The man who introduced me to Art Williams and his story was Paul Pompian, who became my great friend and mentor. He did his best to transmit to me his priceless understanding of and passion for the wondrous connections, histories, characters, and miracles of his native Chicago. I’d never even been to Chicago before writing this book; if I got anything right about this magnificent city, it’s because of him.
Scott Waxman, my book agent, once told me that representing writers had been his childhood dream. As a kid, that’s gotta be even harder to explain than wanting to
be
a writer. All I ever wanted to do was write and find a believer like him. Scott found me, and he continues to be an inspiration.
Jim Kaminsky, my friend and editor through the years at various magazines, was the first to publish my writings about Art Williams in
Rolling Stone
. Jim is the most dedicated, discerning, passionate, and talented magazine editor I’ve had the privilege to work with. Both of my books have been a direct result of our partnership.

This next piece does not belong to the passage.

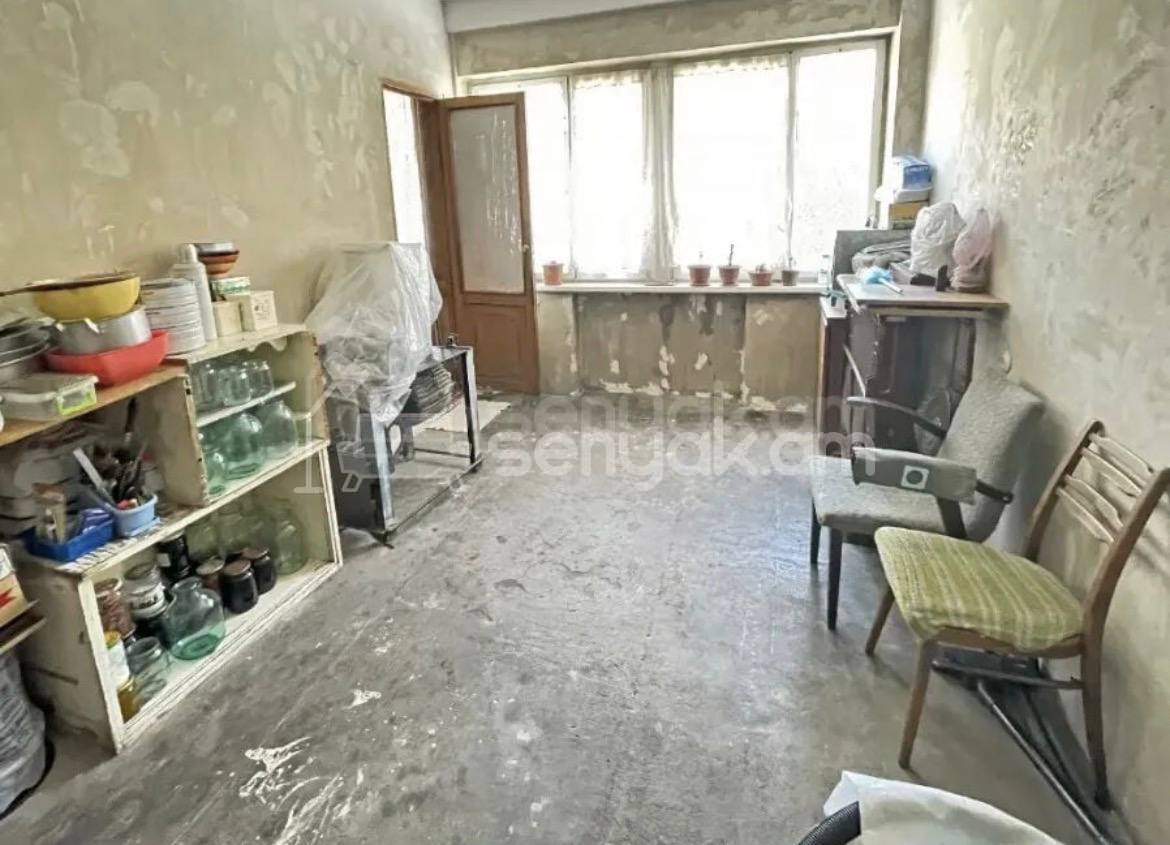 3 Սենյականոց Բնակարան Քարե Շենքում, 108քմ, 2/5 հարկ, Նորմալ Վիճակում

Moira Meltzer-Cohen was the first person to read this book. Her insights and encouragement helped me through the hardest part, which is finishing.
Always last, always most, I’d like to thank my family and good friends, who endured the usual litany of angst, complaints about obscure narrative and reporting stuff, unfairly long episodes of burrowing and insensitivity, and the resulting cluelessness I typically display when I emerge. Out of them, no one deserves my gratitude more than Judy Dutton. The only genuine currency in this world is true love, and she’s my mint.